What is required ▸ Report all lines of the data below that hold the word "Large".

Data extracts ▸
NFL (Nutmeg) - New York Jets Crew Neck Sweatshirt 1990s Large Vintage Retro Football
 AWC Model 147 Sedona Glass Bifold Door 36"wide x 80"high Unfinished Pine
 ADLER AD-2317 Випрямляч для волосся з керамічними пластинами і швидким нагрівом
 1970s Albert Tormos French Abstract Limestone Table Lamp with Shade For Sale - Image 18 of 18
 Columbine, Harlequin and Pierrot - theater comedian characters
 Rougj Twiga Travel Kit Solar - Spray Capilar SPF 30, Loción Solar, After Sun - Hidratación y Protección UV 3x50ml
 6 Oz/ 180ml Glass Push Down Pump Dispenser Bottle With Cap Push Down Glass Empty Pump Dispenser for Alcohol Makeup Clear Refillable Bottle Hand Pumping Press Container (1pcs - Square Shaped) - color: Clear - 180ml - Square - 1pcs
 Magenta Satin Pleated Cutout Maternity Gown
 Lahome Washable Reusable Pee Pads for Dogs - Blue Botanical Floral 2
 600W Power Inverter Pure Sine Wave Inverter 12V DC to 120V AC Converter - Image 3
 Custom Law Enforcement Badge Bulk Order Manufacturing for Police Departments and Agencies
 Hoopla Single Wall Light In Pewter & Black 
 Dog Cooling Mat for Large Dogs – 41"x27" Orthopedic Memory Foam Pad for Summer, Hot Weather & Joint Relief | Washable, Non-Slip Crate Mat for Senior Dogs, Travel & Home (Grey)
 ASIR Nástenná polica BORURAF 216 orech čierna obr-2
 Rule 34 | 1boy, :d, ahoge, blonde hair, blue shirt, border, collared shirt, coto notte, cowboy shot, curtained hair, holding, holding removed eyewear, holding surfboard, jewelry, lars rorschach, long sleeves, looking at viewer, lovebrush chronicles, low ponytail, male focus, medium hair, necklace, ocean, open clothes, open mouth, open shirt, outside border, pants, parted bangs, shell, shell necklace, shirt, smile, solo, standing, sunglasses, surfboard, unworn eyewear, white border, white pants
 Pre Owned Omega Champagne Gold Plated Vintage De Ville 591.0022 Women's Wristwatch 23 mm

Task output ▸
NFL (Nutmeg) - New York Jets Crew Neck Sweatshirt 1990s Large Vintage Retro Football
 Dog Cooling Mat for Large Dogs – 41"x27" Orthopedic Memory Foam Pad for Summer, Hot Weather & Joint Relief | Washable, Non-Slip Crate Mat for Senior Dogs, Travel & Home (Grey)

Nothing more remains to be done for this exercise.